Exercise: Your reply is to be the lines below, exactly as written, with images omitted.

Data section:
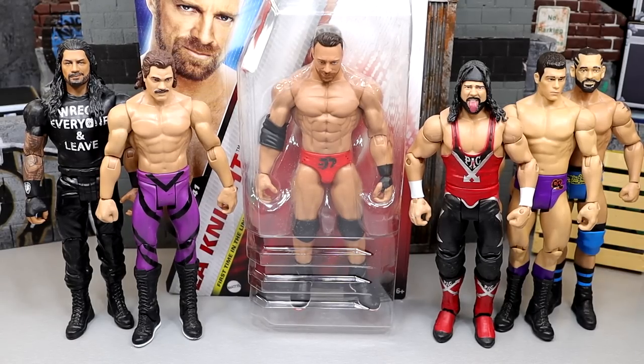What is good, everybody? Welcome back to another MyAMTools video. Today, we are going to be solving the mystery of the brand new 2023 WWE Action Figure Basic line.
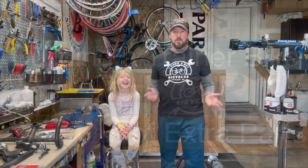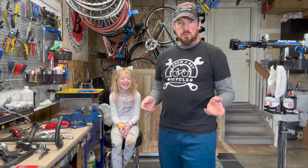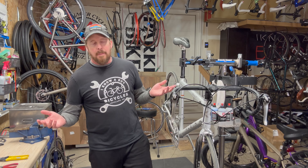Welcome to I Know a Guy Bicycles. I'm Justin, the guy. This is a garage shop teaching how to fix bikes, one bike at a time. If you like these videos, please like and subscribe.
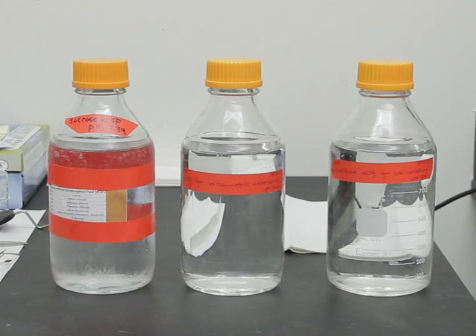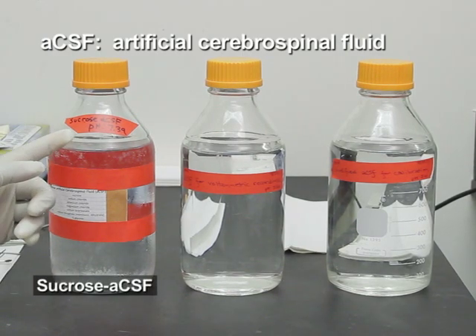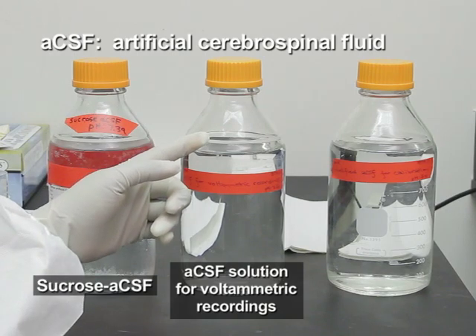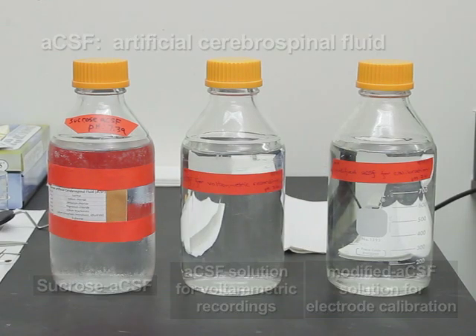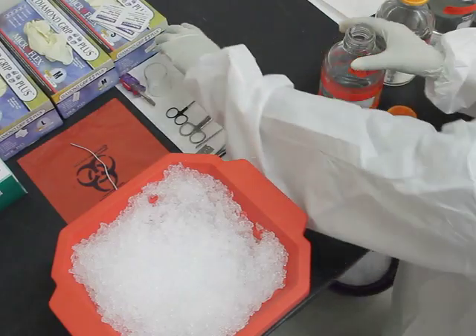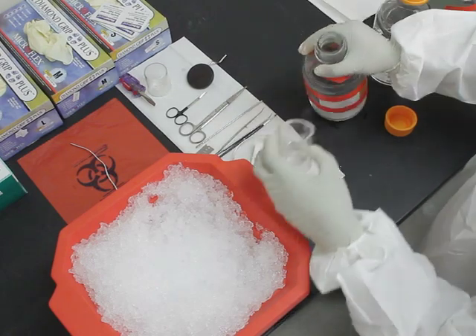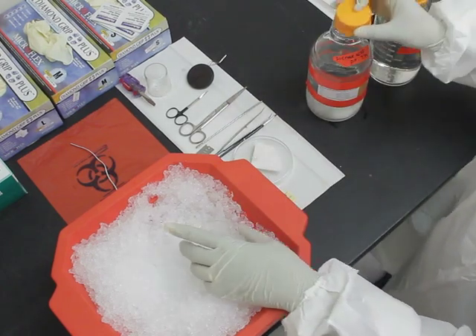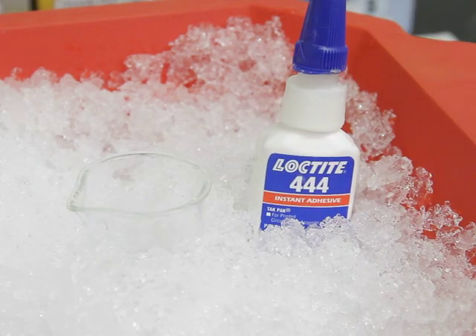To begin this procedure, according to the accompanied manuscript, prepare three types of artificial cerebrospinal fluid solutions: sucrose ACSF, ACSF solution for voltammetric recordings, and modified ACSF solution for electrode calibration. Next, transfer 10 milliliters of sucrose ACSF into a small beaker and place it in an ice bucket. Then place the instant loctite adhesive in an ice bucket.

Expected answer:
What is good, everybody? Welcome back to another MyAMTools video. Today, we are going to be solving the mystery of the brand new 2023 WWE Action Figure Basic line.
Welcome to I Know a Guy Bicycles. I'm Justin, the guy. This is a garage shop teaching how to fix bikes, one bike at a time. If you like these videos, please like and subscribe.
To begin this procedure, according to the accompanied manuscript, prepare three types of artificial cerebrospinal fluid solutions: sucrose ACSF, ACSF solution for voltammetric recordings, and modified ACSF solution for electrode calibration. Next, transfer 10 milliliters of sucrose ACSF into a small beaker and place it in an ice bucket. Then place the instant loctite adhesive in an ice bucket.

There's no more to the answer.